What’s the most important asset you have, or ever will?
I’m taking time off my job to invest in myself.
For the last 16 years, I’ve been living at a neck breaking pace. First preparing for IIT, then living it up at IIT, then my first job, then the crazy projects, the travelling, the dance lessons and a whole lota things in between. Always cramming as much as I could into each day. Challenging myself. Pushing the limits. New stuff, new challenges. Everyday. And enjoying the thrill of it all.
In college I was constantly juggling so many parallel activities, that I slept through most lectures; and my best friend threatened to disown me unless I slowed down. She sat next to me in most classes, was a very dedicated student, and my dozing off embarrassed her no end. I still didnt slow down. But I figured out how to stay awake in class.
I’ve been doing that in life too. Constantly taking up new and interesting things. Constantly pushing myself. And constantly trying to be SuperWoman.
Somewhere down the road, the challenges gave way to chores. I stopped looking forward to going to work everyday. There weren’t new challenges. There weren’t any new goals. There was only so much I could create for myself. Projects just weren’t coming in. Like Sheryl says, once you have a kid, your work has to be challenging and rewarding enough to make you feel like you’re making a difference. My work had stopped feeling like that. At some point I realized that things weren’t going to change much. There were things beyond my control. Business decisions govern the corporate world.
And I decided to take some time off. For myself.
For the first time in 16 years, I’m giving myself the time to enjoy what I’ve earned. The little luxuries of life. And that’s the biggest reward, and investment, of all.
I’m doing all the things that I’ve always enjoyed, always wanted to, but put aside or delegated ‘coz the day has only 24 hours.
I have a Goan holiday everyday, enjoying sunshine in the sand-pit with my son. I’m reading. I’m taking the time out to breathe. To watch the sun rise. To exercise. To water my plants. To make salads.
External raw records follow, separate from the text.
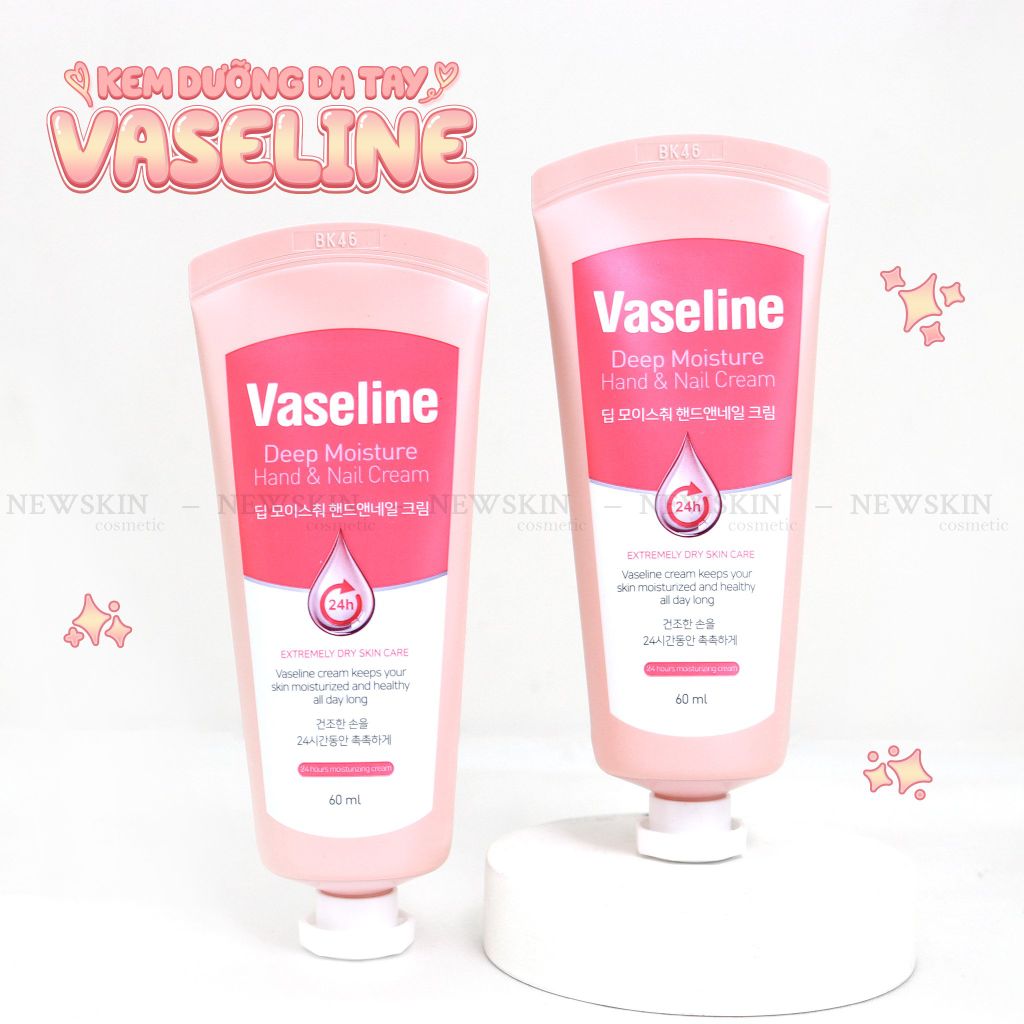 Kem Dưỡng Da Tay Vaseline 24h Deep Moisture Hand & Nail Cream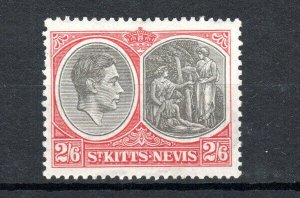 St Kitts-Nevis 1938-50 2s 6d KGVI and Medicinal Spring SG 76 MVLH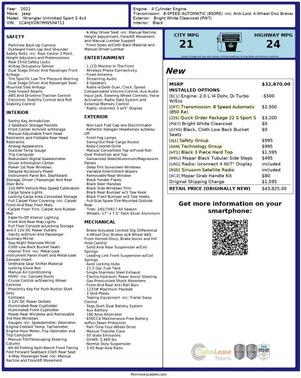 2021 Jeep Wrangler Unlimited Sport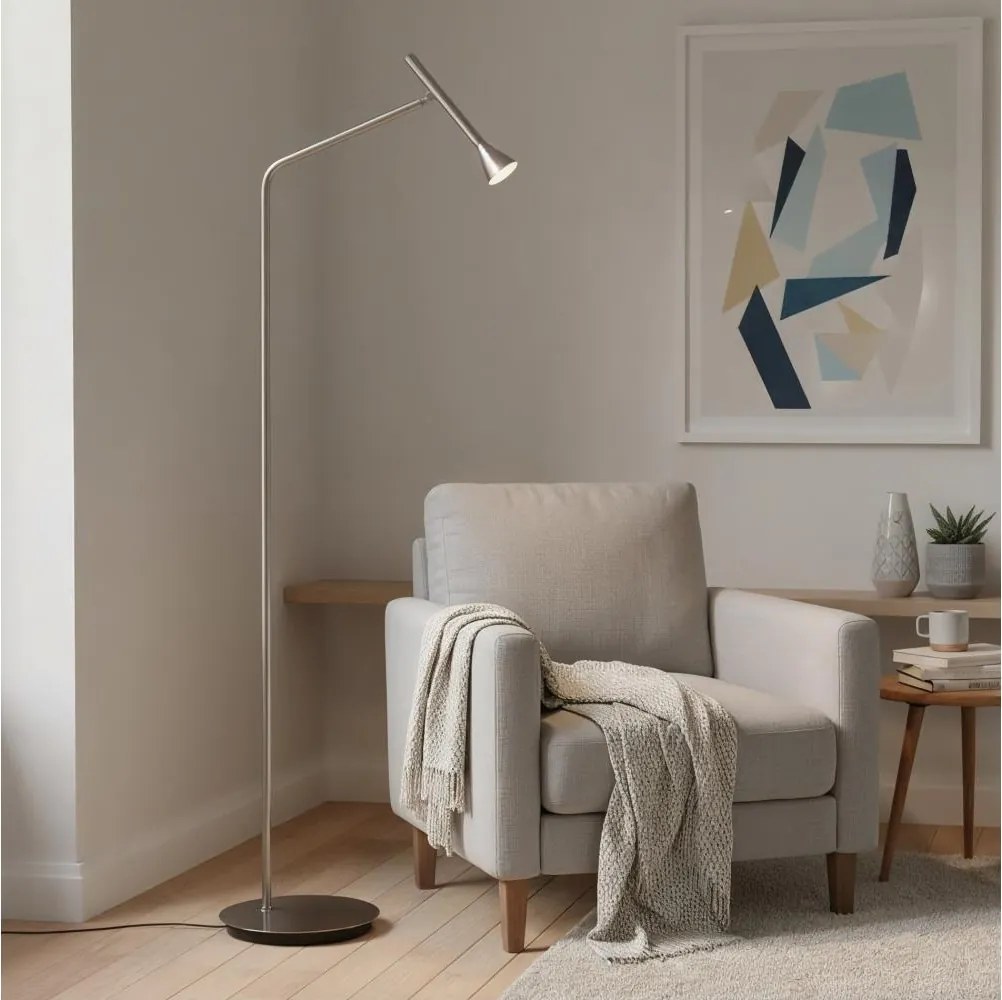 Ideal Lux - LED подова лампа DIESIS LED/4,5W/230V CRI 95 матов хром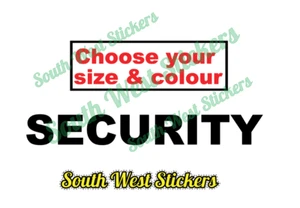 Security Sticker Stickers K9 Unit Dog Handler SIA , Choose Size & Colour - Picture 1 of 8
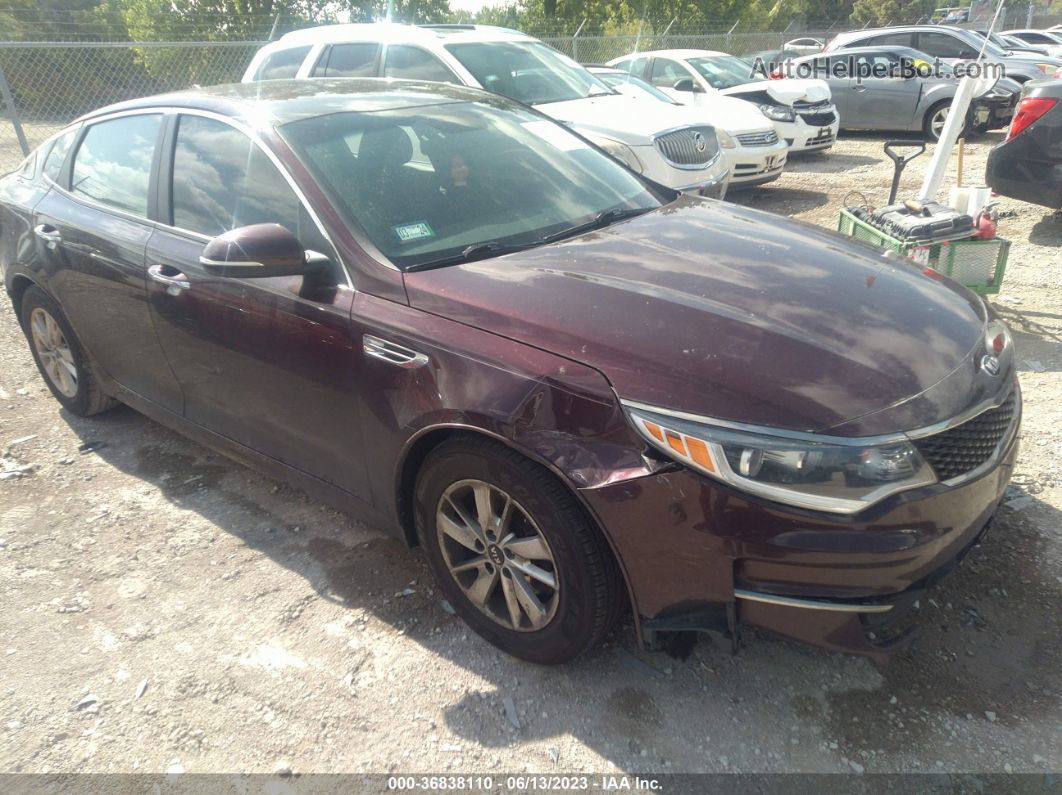 2017 Kia Optima Lx Maroon vin: 5XXGT4L3XHG156513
I’m taking the time to go over the last few years. To take stock of where I am in life. And where I want to go from here.
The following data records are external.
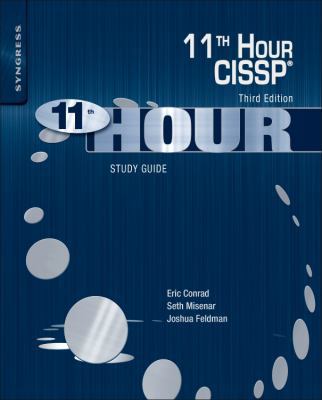Eleventh Hour Cissp(r): Study Guide 0128112484 Book Cover
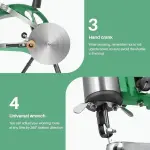 Leather Sewing Machine, Manual Cobbler Sewing Machine Leather, Shoe Repair Machine with Dual Cotton Nylon Line Canvas for Shoe Tents and Belt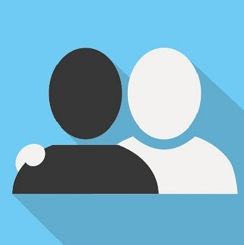 Pictogram twee personen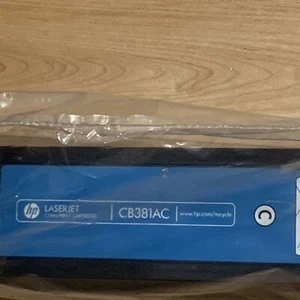 HP CB381AC CYAN CARTRIDGE - Brand New Sealed No Box. OEM Genuine FAST SHIPPED - Picture 1 of 5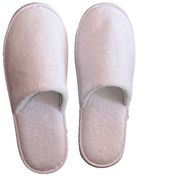 使い捨てコーラルフリーススリッパ クラブ・家庭ゲスト用 厚手待客用スリッパ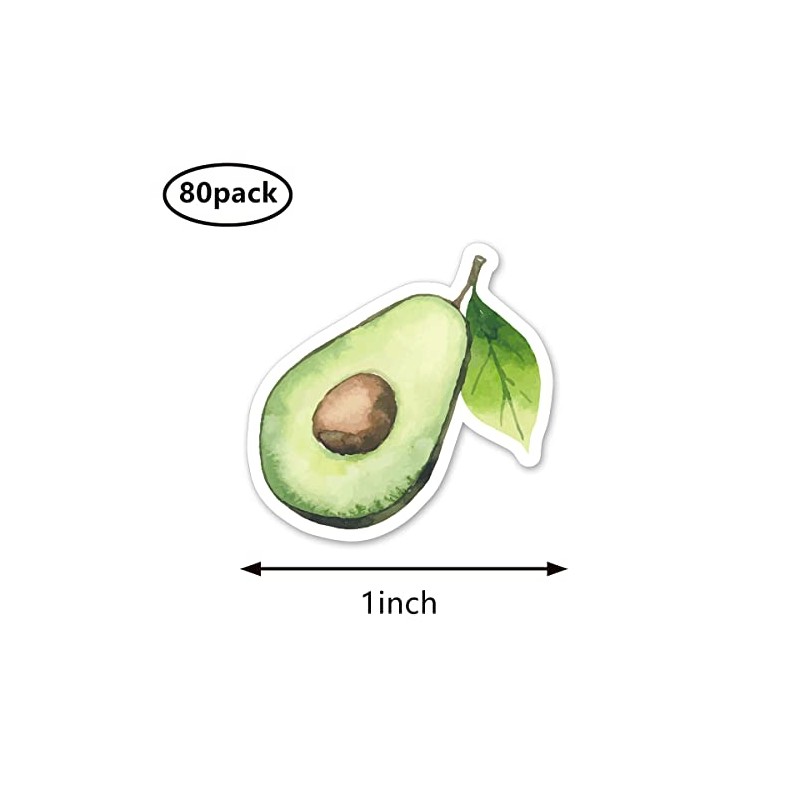 Avocado Stickers 1in for Scrapbooking, Arts, Craft, Kids DIY, Calendars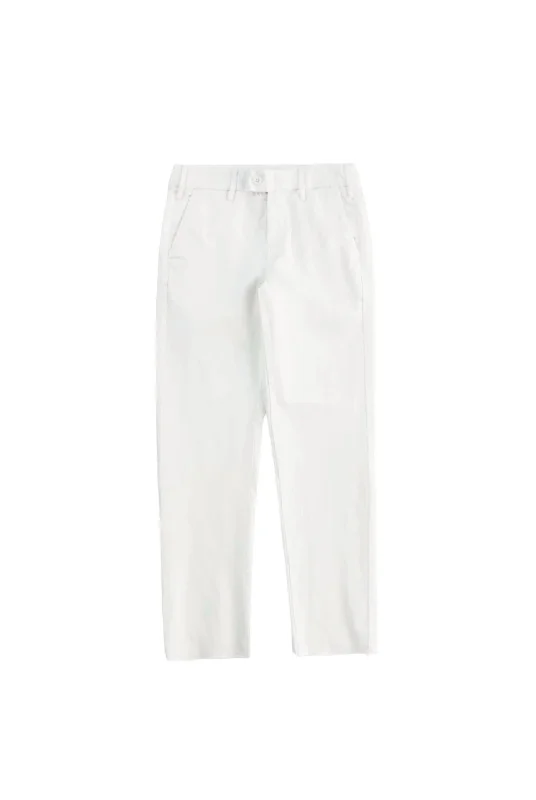 Women's Office Clothing Women's Dock Fray Pant In White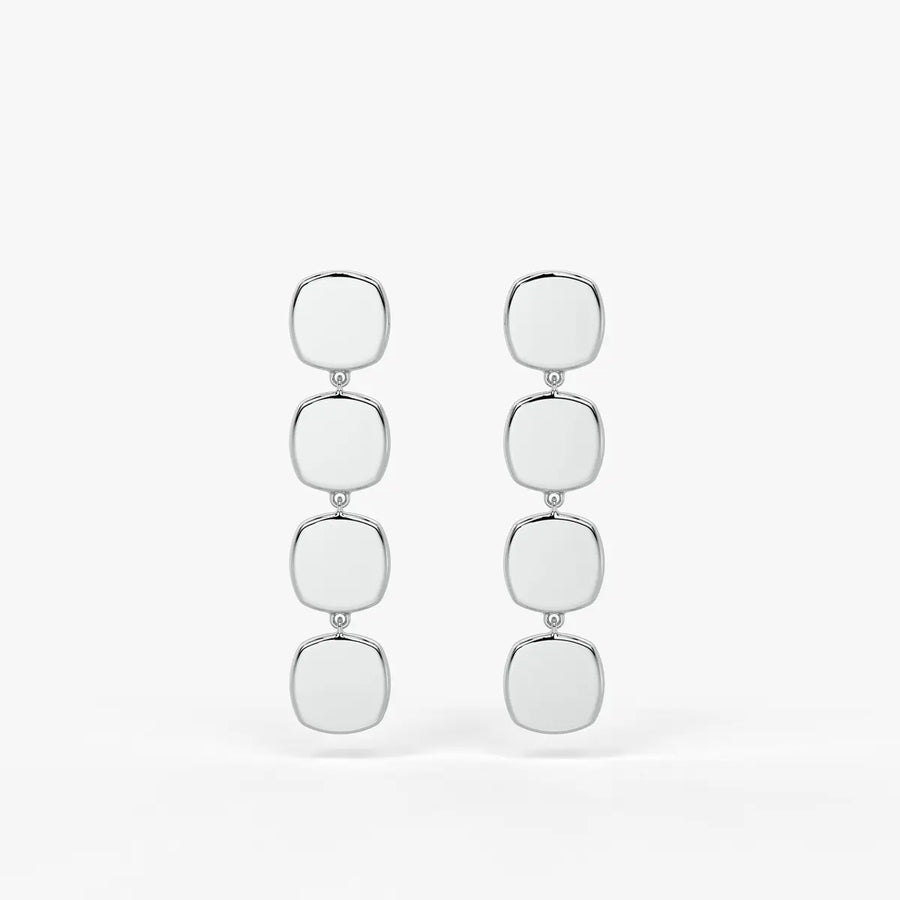 Quadra Drop Statement Earrings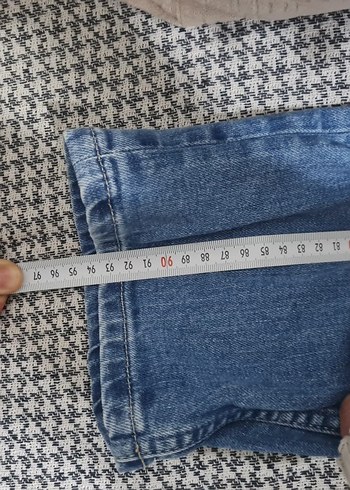 Kadın Mavi Denim Normal Kesim Kot Pantolon - Görsel 7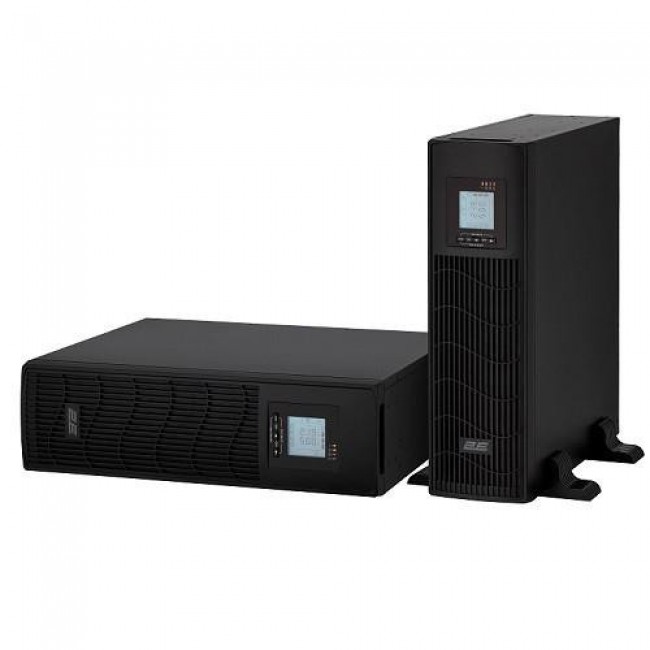 Источник бесперебойного питания 2E PS3000RT, 3000VA/2400W, RT3U, LCD, USB, 6xC13 (2E-PS3000RT)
Along the way, I’m also learning. Learning about technologies I’ve worked on, afresh, from new perspectives. And unrelated stuff. Web designing. Graphic designing. SEO and internet marketing. For no particular reason.
Doing things for the joy of it. Not because I have to.
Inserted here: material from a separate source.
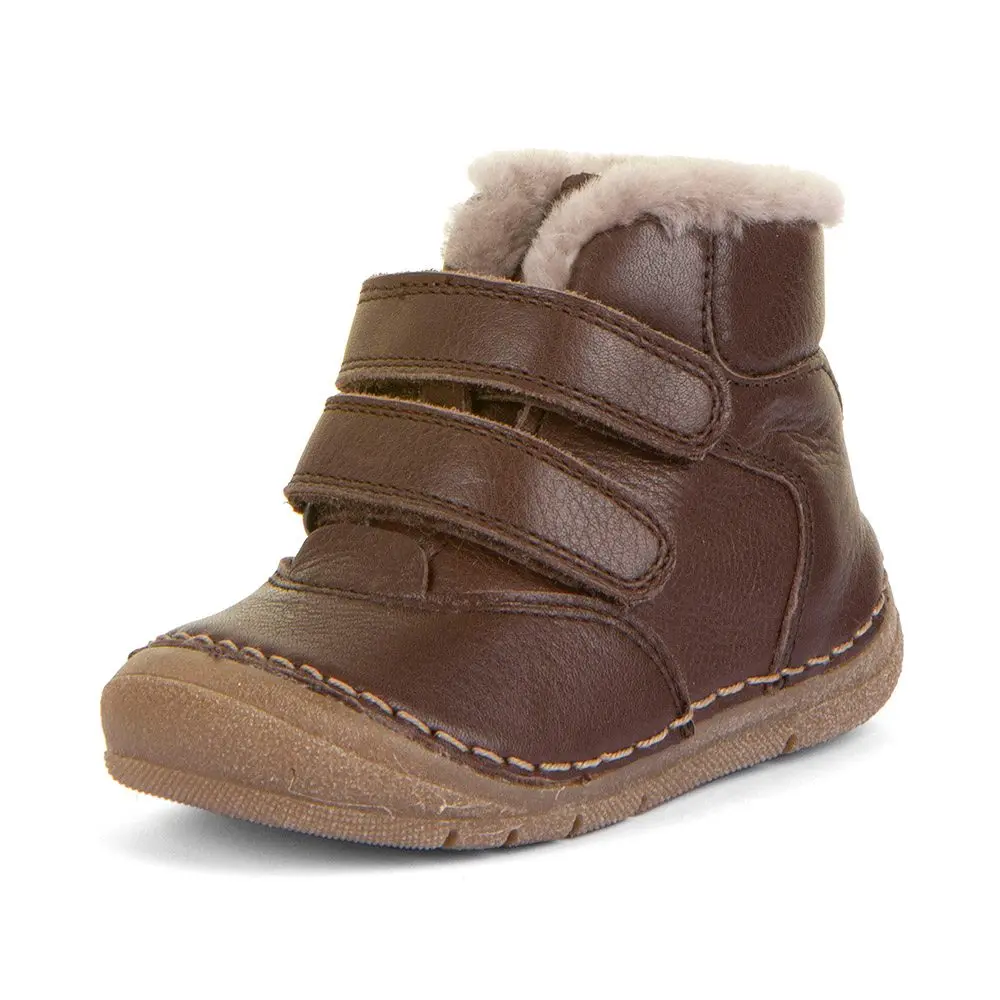 Dětské zimní boty Flexible PAIX UP WINTER Dark Brown, Froddo, G2110143-4, tmavě hnědá -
And now that I’ve had this time, I’m ready to move on. In fact, roaring to. I realize I miss the madness, the chaos and the thrill of the corporate world. The constant challenges. The impossible deadlines. And the sense of achievement, making the impossible come true.
Funny thing is, as I’m now looking to get back to the corporate world, I’m having to explain why I took a break. Why I left a high paying cushy job. Most people just dont get that I did it for me. That I am investing in myself. People find it easier to assume, and to accept that its because I’m a woman, with a young child.
Why is it so baffling for a woman to take some time off for herself? And not for her child.
Maybe its just that the concept of taking time off for yourself, is still not very acceptable in India.
Or maybe its just that everyone else is envious and wishing that they could do the same! ;)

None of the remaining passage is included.